Task goal: Write out only the lines from the line containing "Image de Gite" to the end of the listing below, both included, exactly as they stand. Drop the pictures.

START Source records

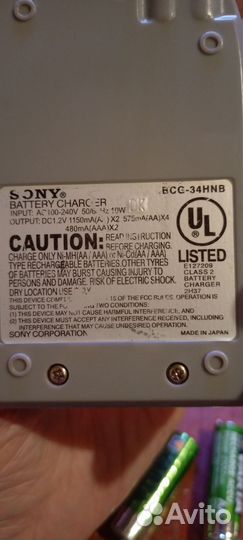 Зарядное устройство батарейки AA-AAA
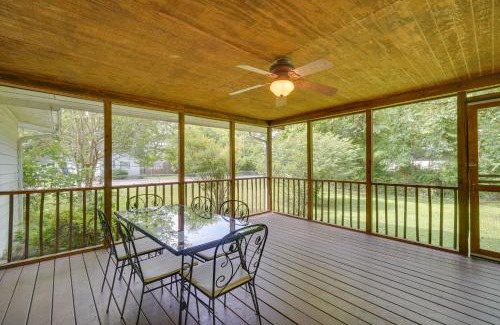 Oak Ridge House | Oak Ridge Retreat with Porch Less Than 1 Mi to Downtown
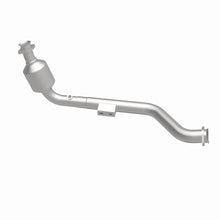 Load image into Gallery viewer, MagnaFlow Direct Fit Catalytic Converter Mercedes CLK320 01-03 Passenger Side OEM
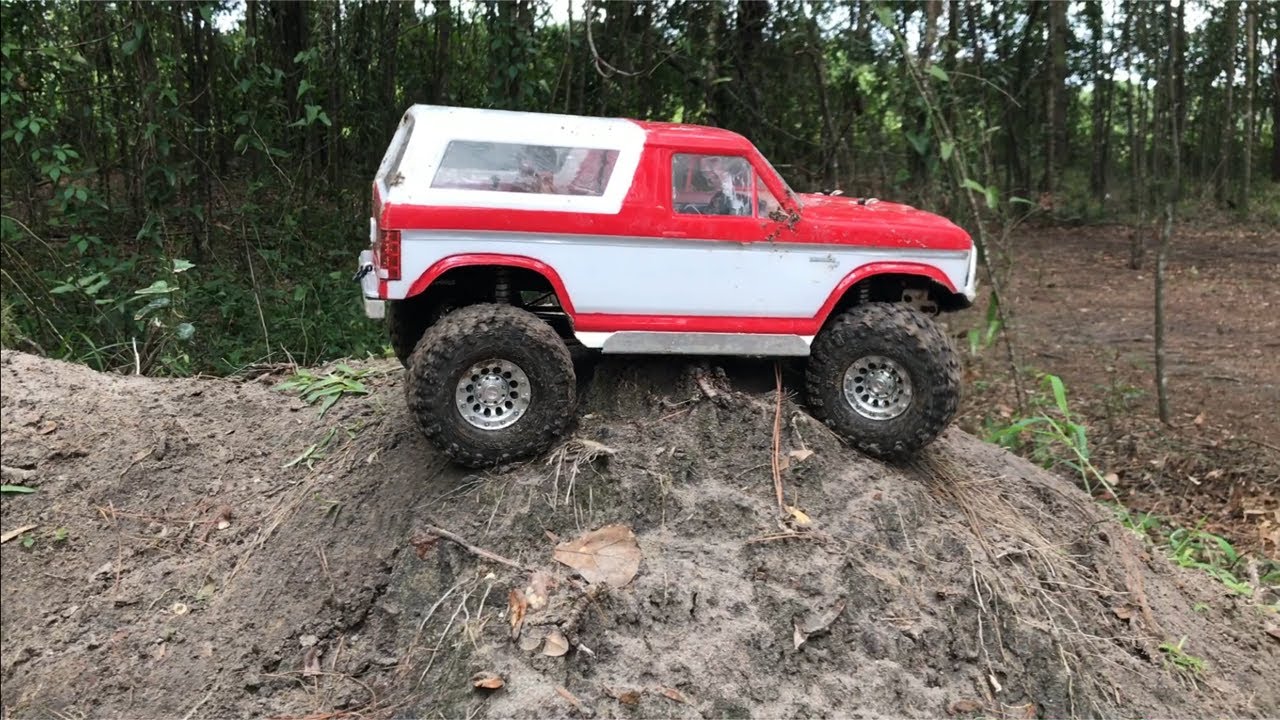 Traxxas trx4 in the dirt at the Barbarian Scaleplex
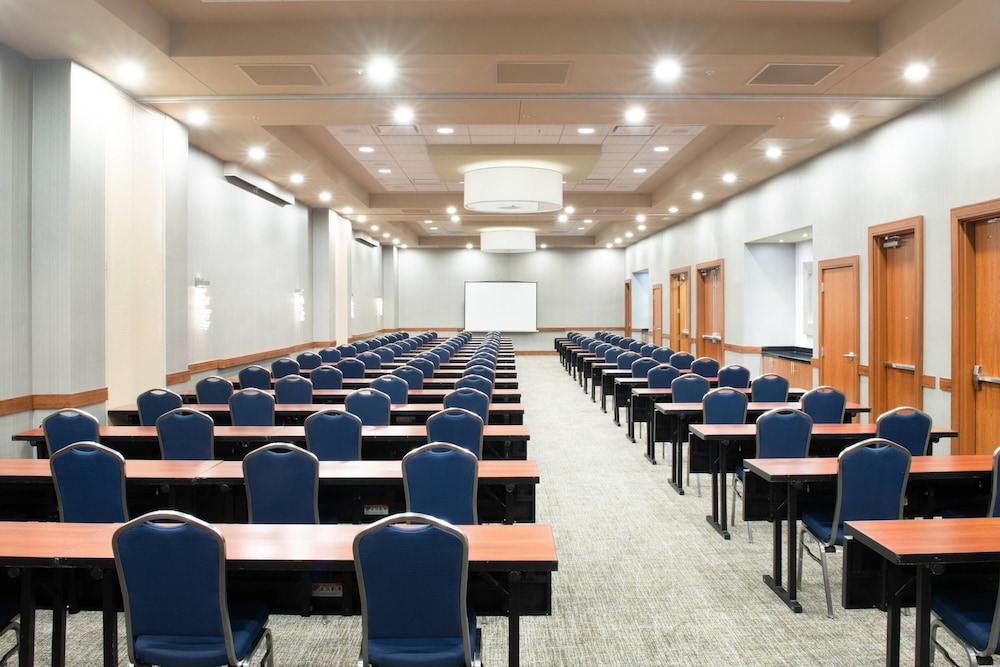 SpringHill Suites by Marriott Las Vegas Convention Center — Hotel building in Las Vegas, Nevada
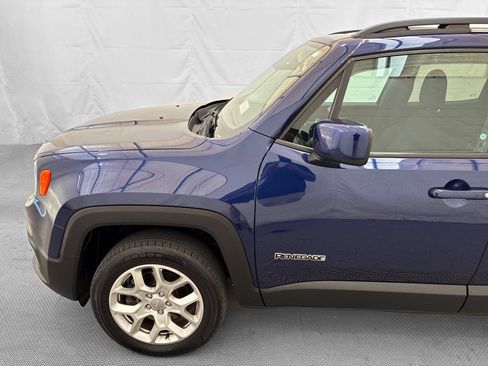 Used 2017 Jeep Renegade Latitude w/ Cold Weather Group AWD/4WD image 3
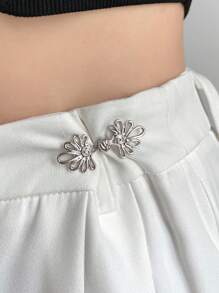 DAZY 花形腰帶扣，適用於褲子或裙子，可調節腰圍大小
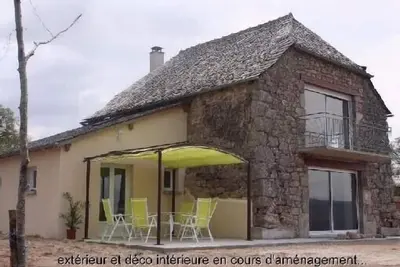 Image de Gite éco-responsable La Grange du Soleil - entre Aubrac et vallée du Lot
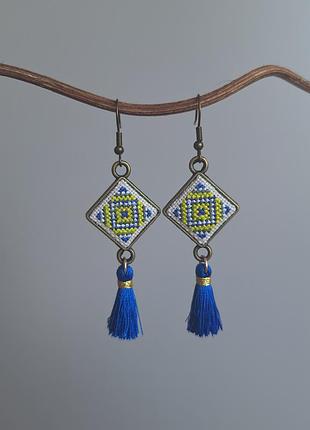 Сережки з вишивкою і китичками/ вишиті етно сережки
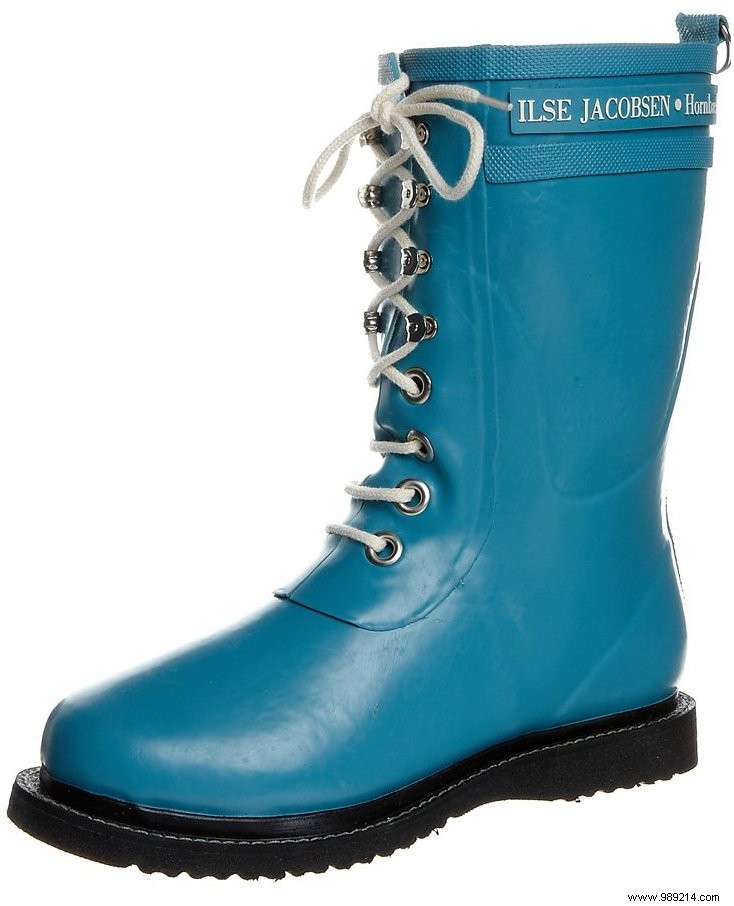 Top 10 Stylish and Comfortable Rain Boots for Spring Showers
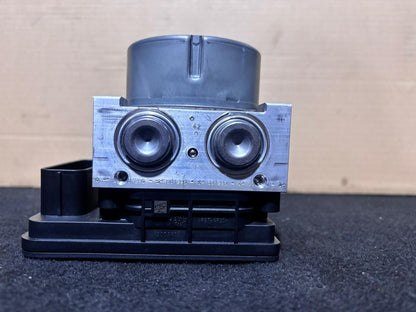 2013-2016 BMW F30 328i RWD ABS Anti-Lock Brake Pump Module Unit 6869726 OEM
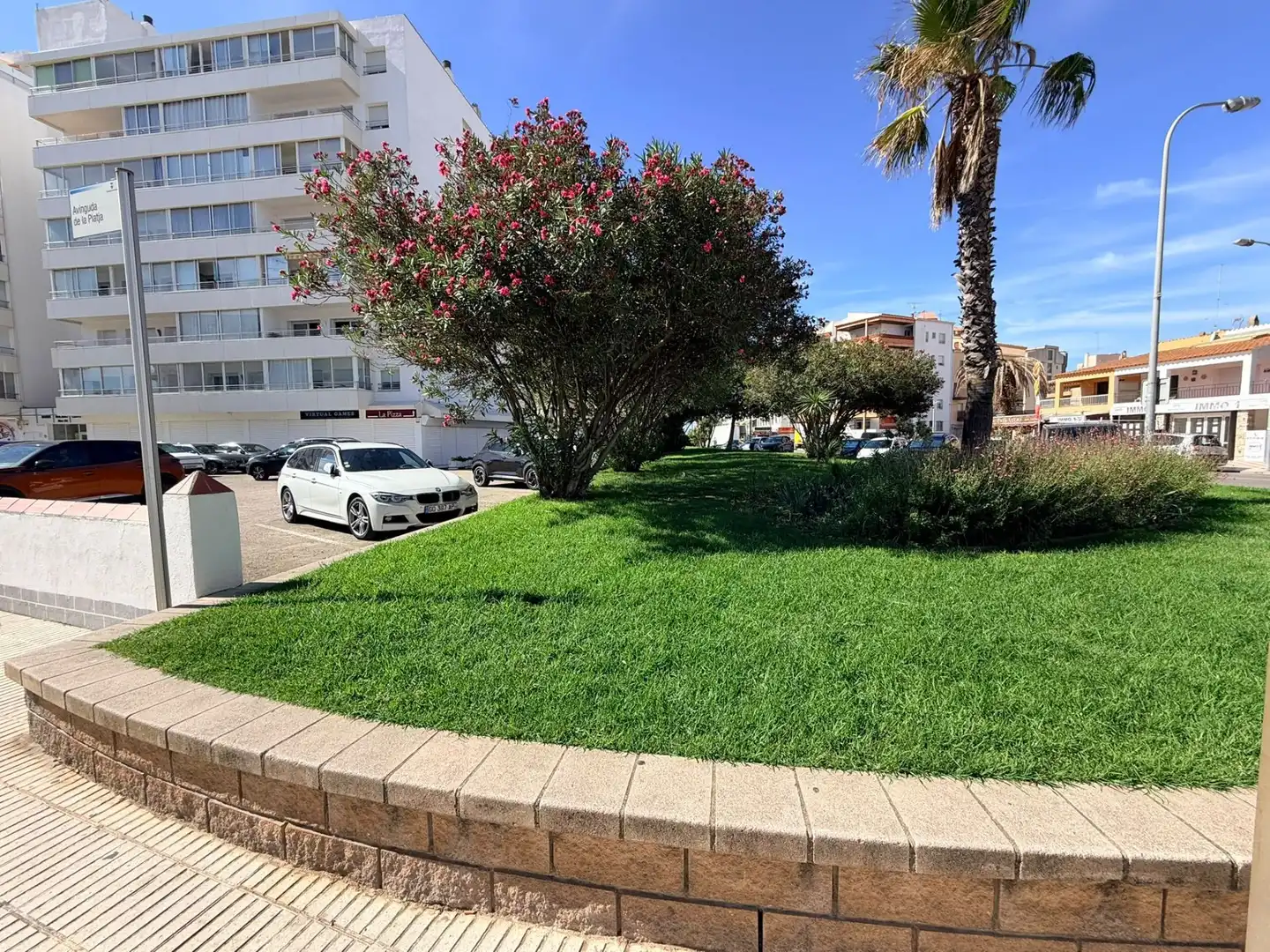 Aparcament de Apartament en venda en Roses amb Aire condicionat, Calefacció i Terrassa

END Source records

Answer to this problem:
 Image de Gite éco-responsable La Grange du Soleil - entre Aubrac et vallée du Lot
 Сережки з вишивкою і китичками/ вишиті етно сережки
 Top 10 Stylish and Comfortable Rain Boots for Spring Showers
 2013-2016 BMW F30 328i RWD ABS Anti-Lock Brake Pump Module Unit 6869726 OEM
 Aparcament de Apartament en venda en Roses amb Aire condicionat, Calefacció i Terrassa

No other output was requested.